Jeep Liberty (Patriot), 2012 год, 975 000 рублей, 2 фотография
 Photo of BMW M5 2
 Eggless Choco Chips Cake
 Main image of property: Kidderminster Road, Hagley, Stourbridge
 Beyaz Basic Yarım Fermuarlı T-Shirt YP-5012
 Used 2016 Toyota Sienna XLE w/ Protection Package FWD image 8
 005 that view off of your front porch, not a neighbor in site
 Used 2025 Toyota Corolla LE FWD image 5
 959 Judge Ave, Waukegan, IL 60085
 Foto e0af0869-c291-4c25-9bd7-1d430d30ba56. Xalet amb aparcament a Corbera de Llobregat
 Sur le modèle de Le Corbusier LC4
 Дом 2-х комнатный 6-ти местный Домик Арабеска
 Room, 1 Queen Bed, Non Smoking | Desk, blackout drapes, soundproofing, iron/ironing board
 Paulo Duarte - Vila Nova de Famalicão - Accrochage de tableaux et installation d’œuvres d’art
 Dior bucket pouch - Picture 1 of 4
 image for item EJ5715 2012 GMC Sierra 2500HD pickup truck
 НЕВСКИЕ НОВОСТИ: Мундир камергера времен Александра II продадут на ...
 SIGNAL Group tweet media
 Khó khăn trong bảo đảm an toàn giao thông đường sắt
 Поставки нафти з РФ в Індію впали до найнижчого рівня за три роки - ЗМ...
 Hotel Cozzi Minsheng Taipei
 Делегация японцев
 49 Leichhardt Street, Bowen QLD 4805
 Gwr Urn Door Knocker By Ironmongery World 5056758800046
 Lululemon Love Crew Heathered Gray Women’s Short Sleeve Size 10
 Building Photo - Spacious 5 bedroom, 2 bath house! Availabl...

**Task item**
After locating the line with "Hotel Cozzi Minsheng Taipei", output that line and every later one exactly, through the end of the entries above.

**Result**
 Hotel Cozzi Minsheng Taipei
 Делегация японцев
 49 Leichhardt Street, Bowen QLD 4805
 Gwr Urn Door Knocker By Ironmongery World 5056758800046
 Lululemon Love Crew Heathered Gray Women’s Short Sleeve Size 10
 Building Photo - Spacious 5 bedroom, 2 bath house! Availabl...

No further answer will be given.